I have a piece on visiting the locations of Alfred Hitchcock's Vertigo over at Samizdata.

Friday, August 19, 2005

Australia grows more complex, or perhaps doesn't

My native Australia did not start receiving large numbers of immigrants from East Asian countries until around 1980. It has received a great many since, so that there are now perhaps half a million people of East Asian background in Sydney. Of these people, the most predominant are Chinese people of various backgrounds and origins. However, due to this relatively late start, the majority of adult Chinese-Australians were born overseas. And at least when I was a student and a young adult in Australia in the late 1980s, I knew lots of Chinese people, but these people had been born in Hong Kong, Malaysia, or elsewhere. When I first visited California one thing that was striking was that there were ethnically Chinese people there who were so Americanised. They had been born in America, and so probably had their parents, and there were no hints in their mannerisms or accents or day to day attitudes that they were different in any way from other Californians. They were just Asian looking rather than European looking.

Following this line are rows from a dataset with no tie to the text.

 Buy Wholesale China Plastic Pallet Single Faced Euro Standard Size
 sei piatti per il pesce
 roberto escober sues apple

And now of course we do have a few Australians like this: people of Chinese ancestry who were either born in Australia or came as small children, and have gone through the Australian education system, and are now in their early twenties. Early twenties is of course the age at which Australians go abroad en masse. The tradition has long been for Australians to finish their university career, get a job in Australia for a couple of years to make some money, and then make a prolonged trip to the rest of the world for a year or so (possibly or probably doing some work along the way - stereotypically Australians do this and return with more money than they had when they went away) before getting married, having children, buying a house etc. (Those of us who leave and become permanent expats are a different category that has always existed, but I think we may have been getting bigger at the expense of the traditional year away people). This is quite distinct from the British "Gap Year" experience, where British people go away from a year between school and university. Australians tend to get older before leaving home.

These early twenties Australian trips away often start by going to London, and I therefore see early twenties Aussies all the time: on the tube, in pubs (on both sides of the bar), working as hairdressers, decorators, builders, and quite a few of those kinds of jobs that require skills but in which people are often employed for months rather than years.

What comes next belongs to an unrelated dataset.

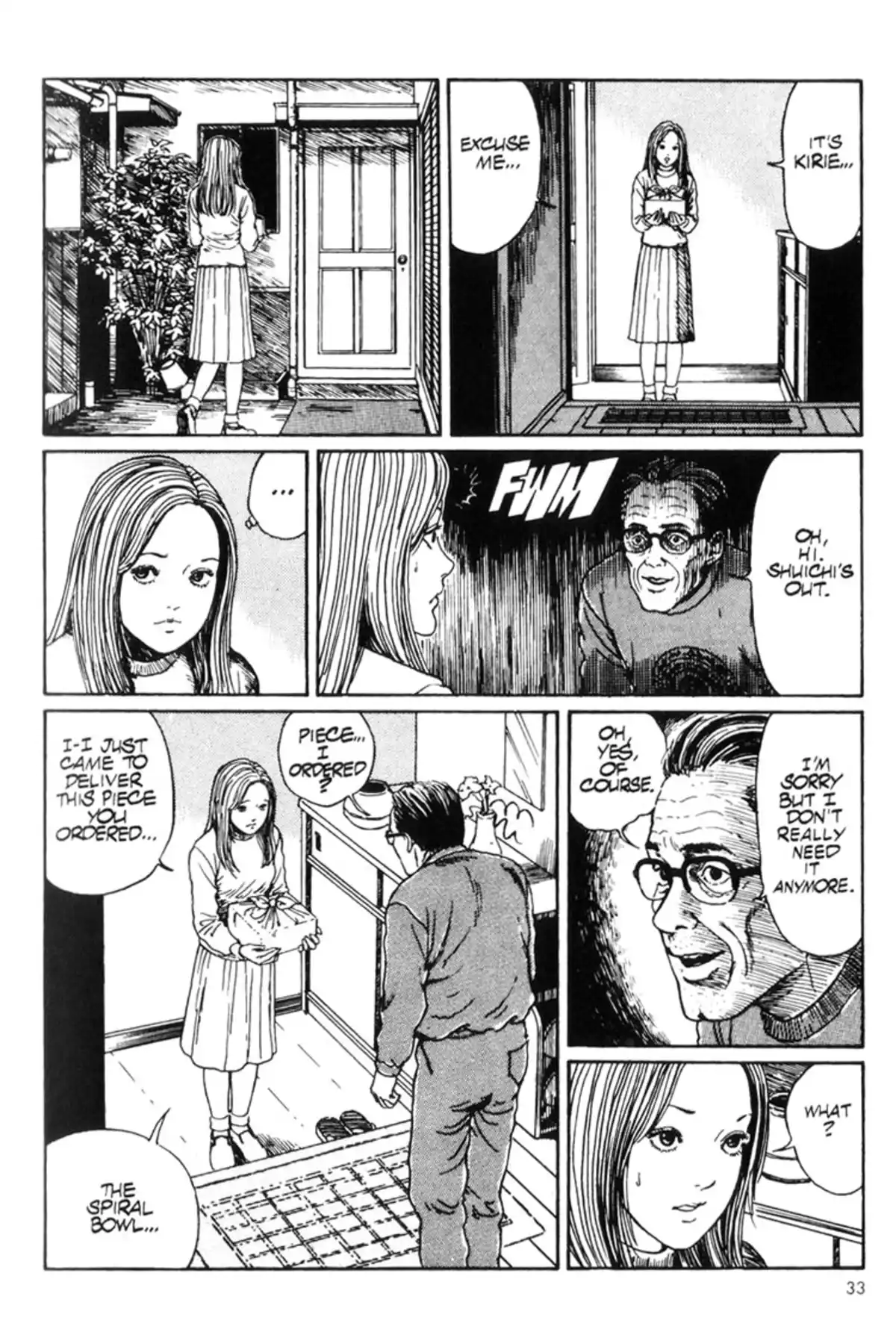 Junji Ito Collection – ENGLISH Edition Deluxe Uzumaki/Spirale page 32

And in the last couple of years the appearances of the Australians doing this have become notably more diverse. Yesterday, on the tube I was sitting opposite a particularly good example: an early twenties young woman, who was dressed in a casually Australian way, was speaking in a quintisentially Australian way, with very strong upwards inflections. (People don't always think about just what it is that distinguishes an accent, but the most notable thing about the Australian accent is the upwards inflection at the end of the sentences. Whereas in most other versions of English I know of people raise the pitch of their voice at the end of a question but not at the end of other sentences, Australians raise the pitch of statements as well. If you are attempting to immitate an Australian accent you have to get that right. Even if the resulting accent is imperfect in most other ways, it will still sound "Australian" if you get this right). And there was something about her mannerisms (a particular way of shrugging I supposed) that just screamed "Australian". And she was discussing the normal young Australian in London things: cheap places to live, good bars, possible sources of work.

But of course she was ethnically Chinese. Even the non-Anglo Australians follow the same pattern and get to the old colonial hunting-grounds. But seeing them in London is still something one notes mentally. In a couple more years it will be entirely unremarkable.

(And yes, I am very deliberately ignorning the descendents of the Chinese people who came to Australia for the gold rushes of the 1850s, before the immigration of non-Europeans was outlawed. These were a much smaller group, and while their descendents do still live in Australia, they are now so well integrated that they fit into a different categoty still).